## What is required
Your copy of the data should match it exactly, leaving out only the pictures.

START Data

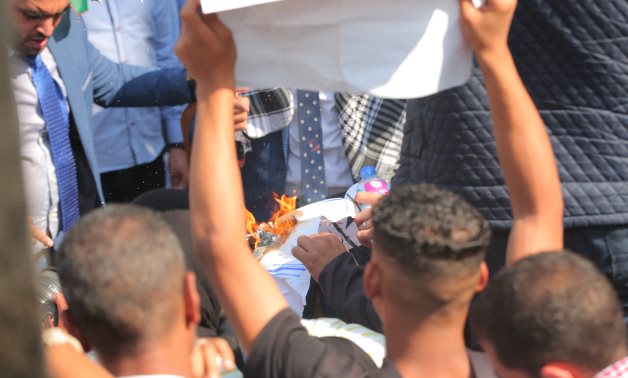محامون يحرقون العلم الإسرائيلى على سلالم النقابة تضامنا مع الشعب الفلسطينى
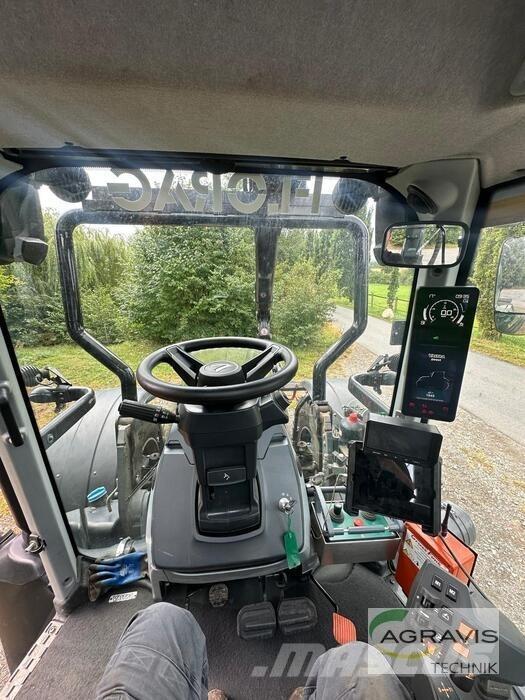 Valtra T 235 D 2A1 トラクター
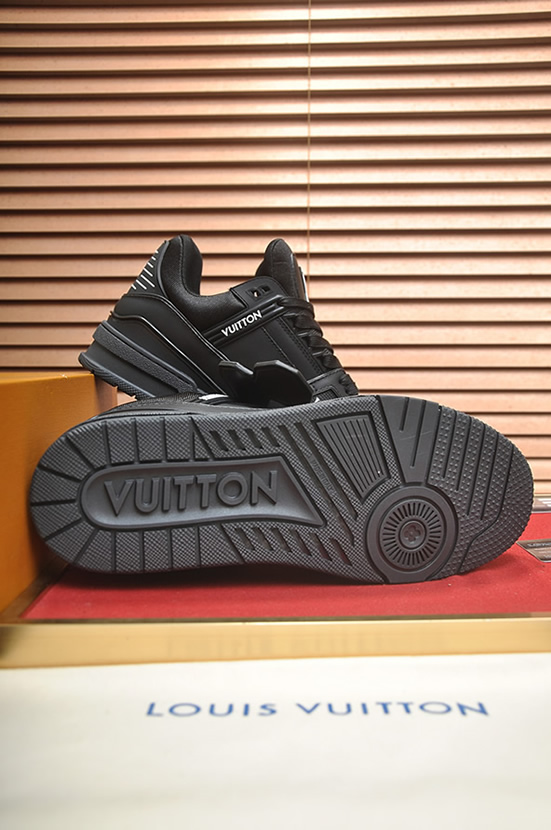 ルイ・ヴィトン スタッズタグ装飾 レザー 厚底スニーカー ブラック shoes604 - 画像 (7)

END Data

## Output
محامون يحرقون العلم الإسرائيلى على سلالم النقابة تضامنا مع الشعب الفلسطينى
 Valtra T 235 D 2A1 トラクター
 ルイ・ヴィトン スタッズタグ装飾 レザー 厚底スニーカー ブラック shoes604 - 画像 (7)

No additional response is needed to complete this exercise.